A Survey of Open Peer-to-Peer Technologies and their Applicability to Implementing an Organizational Information Repository

Abstract

Most large organizations lack an effective means to manage internal documentation and other critical information on a large scale. Peer-to-peer technologies have many of the right characteristics to successfully manage such information in a distributed and automated manner. To this end, a general survey of nonproprietary peer-to-peer technologies is undertaken, from the standpoint of their suitability for implementing an Intranet-based information repository.


1.0 Background and Terminology

The term "peer-to-peer" has been used to describe a wide variety of disparate network architectures: networks that connect end users to each other (regardless of internal structure), server-to-server networks (to which end users connect as clients), and even centralized client-server applications disguised to look to users like a peer-to-peer system. In the following discussion, "peer-to-peer" is used in the network architecture sense, i.e. to indicate a distributed system in which data is exchanged between two or more equal, autonomous, general-purpose entities; as opposed to a client-server model, in which roles are rigidly fixed and specialized.
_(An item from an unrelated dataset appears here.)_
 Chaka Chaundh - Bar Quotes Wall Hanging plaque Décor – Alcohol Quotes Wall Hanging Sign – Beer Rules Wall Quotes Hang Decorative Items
Considerable attention has been given of late to file sharing user applications such as Napster, Gnutella, and FreeNet. However, it is of interest to look more broadly at the available technologies, including examining both older and newer peer-to-peer protocols such as NNTP, SMTP, and BEEP; peer-to-peer frameworks such as JXTA and SOAP; and the adaptability of client-server protocols such as HTTP and FTP to peer-to-peer use. (Napster, on the other hand, is in reality a proprietary and centrally controlled client-server technology, even though it looks to end users like a peer-to-peer system, so it is not of interest here).

1.1 Scope and General Goals

Most corporations and other organizations have a problem managing their own internal information, despite a number of major technological advances. As early as the 1970s, information would sometimes be kept on-line on a large centralized computer, but typically this information was standalone, hard to update, and difficult to access or search.

Throughout the 1980s, internal information was distributed to smaller and smaller systems, making access and maintenance easier but making it very difficult for any one person to assess what information actually existed organization-wide. This second phase culminated in a variety of application-specific document formats, such as word processing documents and spreadsheets, placed on departmental file servers or occasionally in a repository available organization-wide. Different departments frequently used different formats, and specific applications were generally required to read these documents, let alone update them. More costly yet, references to other documents were (and still are) most often included by wholesale incorporation, resulting in a serious maintenance problem as the documents required updating. The lack of an effective inter-document reference system also resulted in substantial duplication of effort.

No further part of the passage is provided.